As mentioned earlier the levirate marriage takes place between a widow who’s husband died childless and his brother (known as the levir); halitzah (“removal”) is a ceremony that releases the woman from the obligation of Levirate marriage, allowing her to marry someone else.

Although Levirate marriage itself no longer is practiced, traditional Jews still require halitzah, formally releasing the widow from the biblically required union with her brother-in-law. The widow appears before a tribunal of five people–three of whom happen to be rabbis. After some initial questioning as to what the widow and levir intend to do, the court gives instructions that each must carry out.

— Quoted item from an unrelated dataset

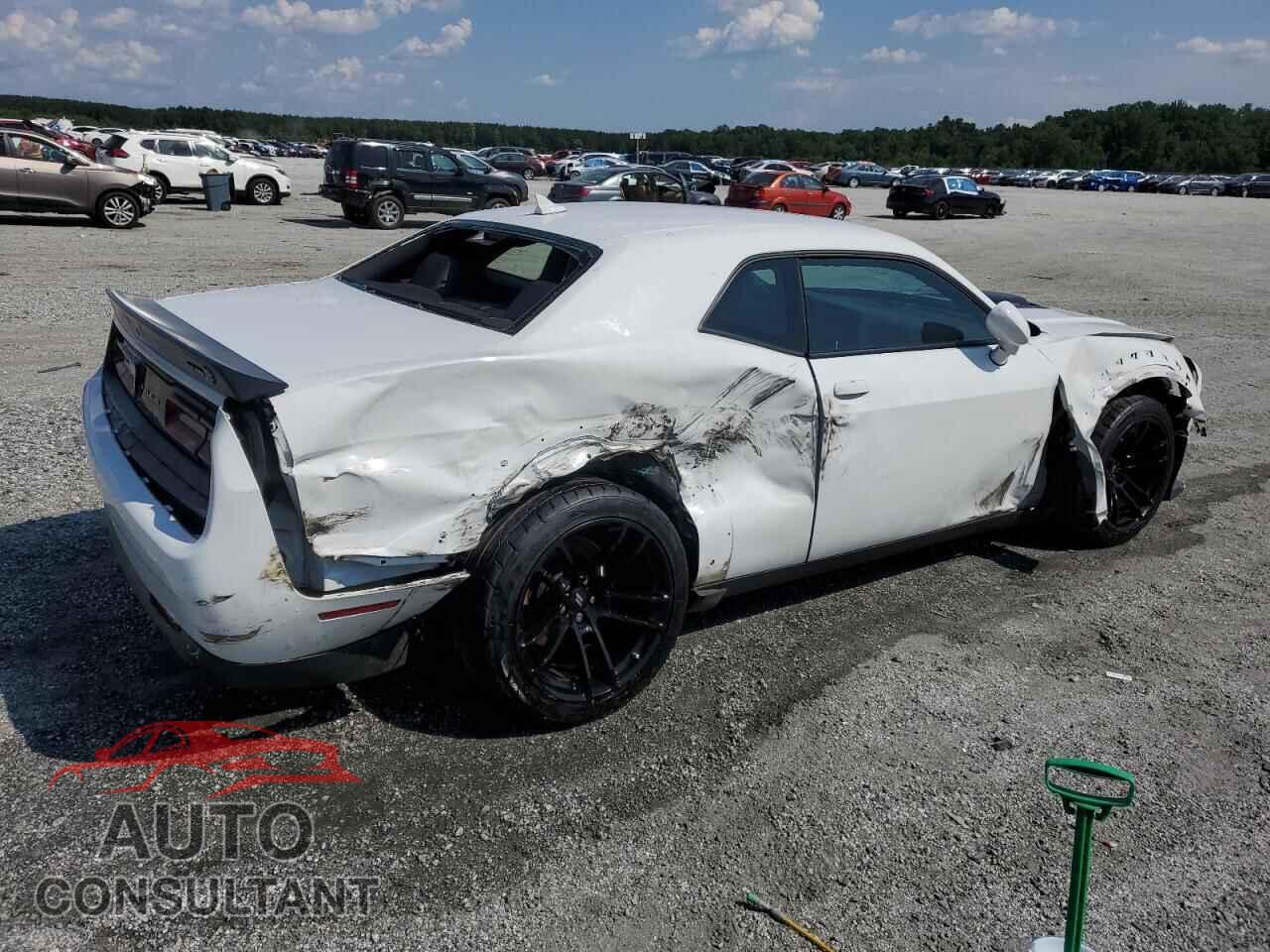 DODGE CHALLENGER 2023 - 2C3CDZFJ2PH501620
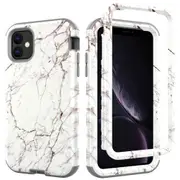 For Iphone 11 Pro 3 In 1 Water Stick Style Armor Full Coverage Shockproof Protective Case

Each participant must pronounce in certain phrases in Hebrew; the woman also is instructed to fast until the ceremony. The next day, a special shoe is removed from the levir’s foot. The woman approaches him and proclaims in Hebrew, “My husband’s brother refuses to raise up unto his brother a name in Israel; he will not perform the duty of a husband’s brother unto me,” to which he replies, “I do not want to take her.” The widow then removes the shoe from his foot, tosses it away, and spits on the floor in front of him, saying, “So shall it be done unto the man that does not build up his brother’s house, and his name shall be called in Israel, the house of him that had his shoe loosened.” All present respond three times in unison, “he that had his shoe loosened.” Concluding prayers are read by the judges, and often a certificate that the widow is free to remarry is drawn up.

Even as late as the medieval era, rabbinic leaders like Rabbi Meir of Rothenberg, ruled that nowadays, no woman would ever consent to marrying her brother-in-law, and the practice of halitzah was no longer necessary. However, in the State of Israel today, the ultra-Orthodox rabbis (known as Haredim [= “Tremblers”], a.k.a.  “Jewish Quakers”) refuse scores of women from remarrying without undergoing the traditional biblical ceremony—despite the humiliation this causes both the woman and her family.

In Israel, a most perplexing problem occurred that revealed the awkwardness of the halitzah ceremony as a viable religious practice. An elderly lady—about 60—wanted to register her marriage with the rabbinate after being widowed for four years and divorced from her second marriage. A clerk in the office observed that she never obtained halitzah from the brother of her first husband. Nevertheless, the rabbis ruled that she had to obtain permission from her former brother-in-law.